Has parsed start/end date/time (if it was able to be parsed unambiguously).
Has normalized activity names for easy filtering.
Marks if reservation is likely required for an activity, and has a list of links.
Error messages are included.
Has fields with raw text from the website for validation or as a fallback if parsing fails.
Limitations
Special schedules may overlap with a subset of the dates of the regular schedule, so the start/end dates are only good for determining that a scheduled activity does not apply to a specific date.
Exceptions and notifications are included as raw HTML since they're freeform.
Raw data
Features / Limitations
Only basic facility information and schedule information are scraped.

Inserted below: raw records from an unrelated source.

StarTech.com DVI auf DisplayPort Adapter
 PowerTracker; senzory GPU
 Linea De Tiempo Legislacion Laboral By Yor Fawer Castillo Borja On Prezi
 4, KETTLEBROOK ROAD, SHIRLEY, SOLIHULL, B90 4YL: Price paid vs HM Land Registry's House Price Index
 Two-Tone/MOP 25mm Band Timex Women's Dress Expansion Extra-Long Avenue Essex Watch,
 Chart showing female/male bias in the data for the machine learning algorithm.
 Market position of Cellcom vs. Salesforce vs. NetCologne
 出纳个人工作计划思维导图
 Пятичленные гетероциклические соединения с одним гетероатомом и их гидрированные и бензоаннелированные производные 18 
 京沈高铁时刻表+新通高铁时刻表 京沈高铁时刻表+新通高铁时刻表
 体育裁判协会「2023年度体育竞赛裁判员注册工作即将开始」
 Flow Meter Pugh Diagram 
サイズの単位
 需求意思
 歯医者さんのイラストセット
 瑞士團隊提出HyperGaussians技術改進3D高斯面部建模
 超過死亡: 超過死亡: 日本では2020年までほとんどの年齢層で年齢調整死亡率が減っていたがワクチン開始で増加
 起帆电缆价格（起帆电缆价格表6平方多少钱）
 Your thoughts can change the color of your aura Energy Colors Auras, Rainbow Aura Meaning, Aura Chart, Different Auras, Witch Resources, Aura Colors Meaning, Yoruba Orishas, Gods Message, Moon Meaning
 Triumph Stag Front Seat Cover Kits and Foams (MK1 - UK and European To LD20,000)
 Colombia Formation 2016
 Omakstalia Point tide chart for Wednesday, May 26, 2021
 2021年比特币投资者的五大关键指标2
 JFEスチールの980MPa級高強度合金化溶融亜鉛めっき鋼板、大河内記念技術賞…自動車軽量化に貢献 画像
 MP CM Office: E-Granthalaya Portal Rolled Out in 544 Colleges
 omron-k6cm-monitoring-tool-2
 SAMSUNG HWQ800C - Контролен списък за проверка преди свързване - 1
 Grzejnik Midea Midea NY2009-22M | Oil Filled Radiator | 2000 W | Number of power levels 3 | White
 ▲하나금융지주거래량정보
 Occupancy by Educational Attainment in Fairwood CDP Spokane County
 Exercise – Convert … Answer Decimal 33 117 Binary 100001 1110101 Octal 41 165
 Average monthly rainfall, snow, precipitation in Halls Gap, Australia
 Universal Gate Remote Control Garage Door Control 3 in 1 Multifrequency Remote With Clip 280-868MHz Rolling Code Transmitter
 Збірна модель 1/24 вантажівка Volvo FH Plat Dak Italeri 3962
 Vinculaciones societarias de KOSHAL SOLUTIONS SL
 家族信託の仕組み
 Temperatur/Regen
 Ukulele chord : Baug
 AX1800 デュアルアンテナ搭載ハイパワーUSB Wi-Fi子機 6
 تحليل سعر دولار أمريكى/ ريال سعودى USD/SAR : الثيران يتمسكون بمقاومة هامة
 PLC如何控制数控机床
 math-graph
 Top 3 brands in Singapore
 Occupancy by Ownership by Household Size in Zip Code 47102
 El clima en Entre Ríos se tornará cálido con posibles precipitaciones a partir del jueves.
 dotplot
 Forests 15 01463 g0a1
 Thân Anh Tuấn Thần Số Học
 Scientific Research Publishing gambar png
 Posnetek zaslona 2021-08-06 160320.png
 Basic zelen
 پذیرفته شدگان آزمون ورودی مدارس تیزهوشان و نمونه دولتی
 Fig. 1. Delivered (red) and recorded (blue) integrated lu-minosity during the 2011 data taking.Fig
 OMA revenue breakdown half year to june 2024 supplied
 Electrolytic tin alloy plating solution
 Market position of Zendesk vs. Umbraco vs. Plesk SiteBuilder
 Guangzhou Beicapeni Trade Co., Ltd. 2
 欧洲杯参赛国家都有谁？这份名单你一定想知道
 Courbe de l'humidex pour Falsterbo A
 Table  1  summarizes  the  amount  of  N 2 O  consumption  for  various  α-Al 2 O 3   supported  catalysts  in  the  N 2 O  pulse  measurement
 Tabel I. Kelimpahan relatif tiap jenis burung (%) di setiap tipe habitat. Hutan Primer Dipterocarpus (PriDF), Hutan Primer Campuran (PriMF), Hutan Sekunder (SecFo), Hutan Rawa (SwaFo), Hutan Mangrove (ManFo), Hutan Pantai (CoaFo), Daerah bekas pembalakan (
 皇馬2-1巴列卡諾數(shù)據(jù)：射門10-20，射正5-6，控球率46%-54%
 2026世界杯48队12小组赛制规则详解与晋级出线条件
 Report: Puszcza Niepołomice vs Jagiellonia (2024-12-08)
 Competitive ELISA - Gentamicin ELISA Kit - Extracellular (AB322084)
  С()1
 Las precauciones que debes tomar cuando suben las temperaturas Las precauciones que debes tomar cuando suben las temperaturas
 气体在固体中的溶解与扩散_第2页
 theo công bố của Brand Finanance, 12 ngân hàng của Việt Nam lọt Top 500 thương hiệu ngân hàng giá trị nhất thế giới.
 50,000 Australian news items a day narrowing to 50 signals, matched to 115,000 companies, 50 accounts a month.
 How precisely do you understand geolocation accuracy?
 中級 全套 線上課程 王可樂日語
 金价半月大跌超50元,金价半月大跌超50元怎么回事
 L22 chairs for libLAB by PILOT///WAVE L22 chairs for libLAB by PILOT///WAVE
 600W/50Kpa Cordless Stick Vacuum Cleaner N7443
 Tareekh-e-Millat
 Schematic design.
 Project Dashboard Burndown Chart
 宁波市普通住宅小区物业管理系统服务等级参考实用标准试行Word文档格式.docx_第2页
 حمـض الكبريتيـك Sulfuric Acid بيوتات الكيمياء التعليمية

This helps keep the scraper reliable and ensures the schema can be kept stable long-term.
Facility addresses are geocoded using geocodio (which has better results than pelias/geocode.earth and nominatim).
Schedule changes and facility notifications are scraped on a best-effort basis without additional parsing since these fields are inherently free-form. This helps keep the scraper reliable and reduces the likelihood of accidentally missing important information.
Scraped fields have minimal processing. This helps keep the scraper reliable and reduces the likelihood of accidentally missing important information.
Optional fields are available which contain best-effort parsing and normalization of scraped fields (to assist with usage), including:
Normalized schedule group name.
Normalized schedule name (facility and date range stripped).
Raw schedule date range (if stripped from the normalized schedule name).
Parsed schedule date range.
Normalized schedule activity name.
Activity time range and weekday as an integer.
Explicit reservation requirement in activity names as a boolean (typically, this is used as an exception to the default based on whether the schedule group has reservation links).
Overlapping schedules (e.g., holiday schedules) are not merged. These schedules are not consistently formatted as they are manually named and created, so although I attempt to parse time ranges, I don't use them to merge schedules. This helps keep the scraper reliable and reduces the likelihood of accidentally missing important information.
Any potential parsing problems are included in an array of error messages for each facility.
A protobuf schema is used for maintainability, but it may be changed in backwards-incompatible ways if needed.